Pertama, demo itu berhasil membuat nama FPI sekaligus Habib Rizieg melambung. Ia berhasil menyelenggarakan demo akbar ratusan ribu orang dengan dukungan dana lebih Rp. 100 miliar, menghimpun lebih banyak umat islam militan dan memberi pesan kepada dunia bahwa FPI masih hidup di bumi Indonesia. Ke depan, reputasi Habib Rizieg akan menjadi jaminan untuk menggerakkan demo selanjutnya. 

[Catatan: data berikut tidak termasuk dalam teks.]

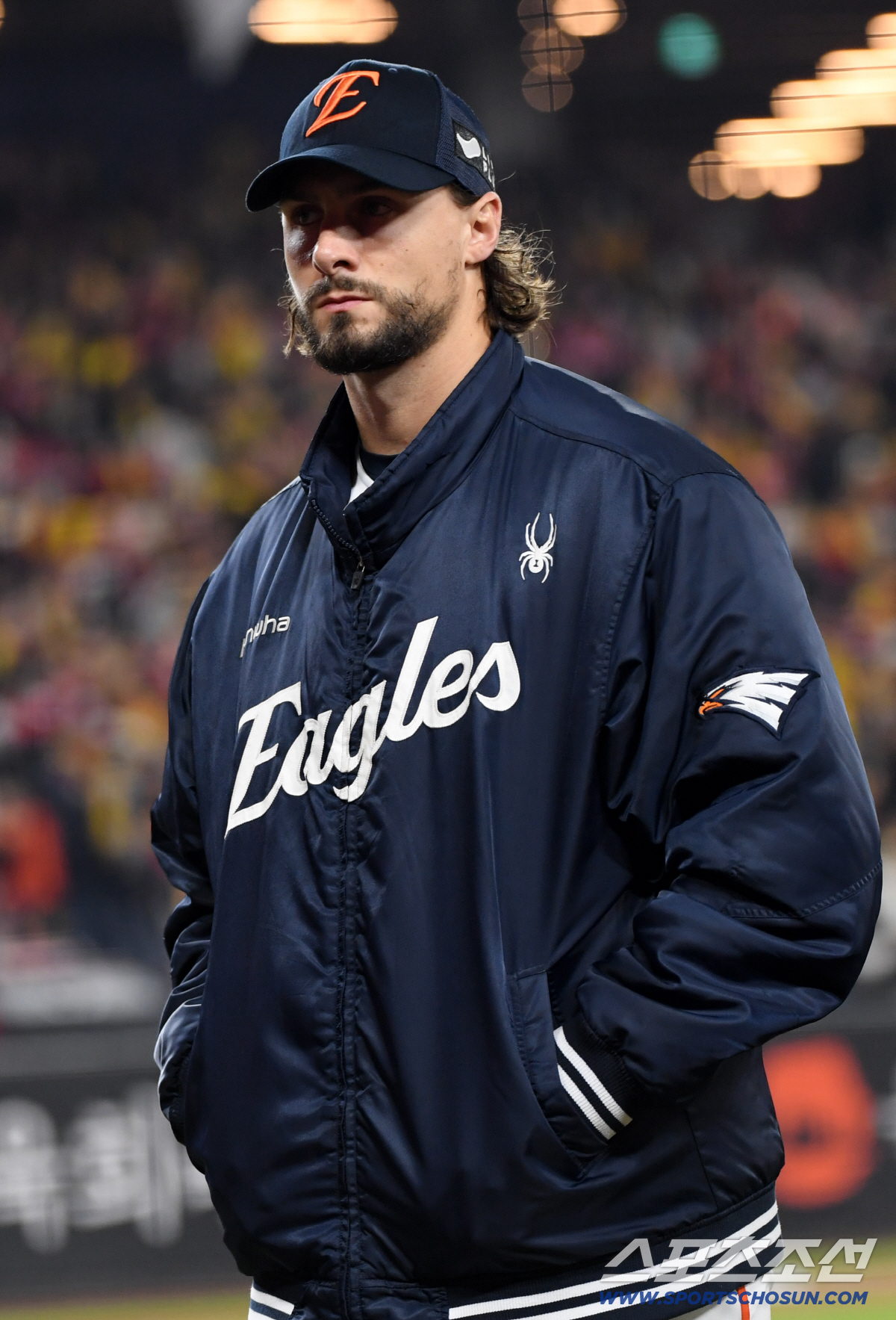 최고의 결혼기념일 될 수 있었는데…벤치 향한 격렬 강판 거부 "어떻게든 …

Kedua, FPI berhasil mengubah skenarionya dari demo memaksakan kehendak, berpotensi menimbulkan kerusuhan massal (anjuran menulis surat wasiat), menjadi demo damai, tak anarkis, dan melegakan semua pihak. Tentu saja perubahan skenario FPI itu disebabkan oleh manufer tak diprediksi Jokowi yang bertemu Prabowo, para pimpinan MUI, NU dan Muhammadiyah, pimpinan Pemred media dan tekanan sigap aparat penegak hukum. 

Ketiga, publik semakin yakin bahwa demo itu ditunggangi oleh beberapa partai yang mempunyai kepentingan besar di Pilkada DKI. Bantahan SBY sebagai ketua umum Partai Demokrat bahwa ia sama sekali tidak terlibat di belakang demo itu, justru menguak tabir perannya yang sebenarnya. 

Sebetulnya tidak ada yang salah ketika SBY mengeluarkan statement agar Ahok diproses sesuai hukum. Namun pernyataannya bahwa Ahok jangan sampai kebal hukum, tak bisa disentuh, jelas ia mencurigai Jokowi membela Ahok. Pernyataan selanjutnya bahwa akan ada demo sampai lebaran kuda jika Ahok tidak diproses alias tidak ditangkap, menunjukkan belang SBY yang sangat menginginkan Ahok tumbang sebelum berlaga.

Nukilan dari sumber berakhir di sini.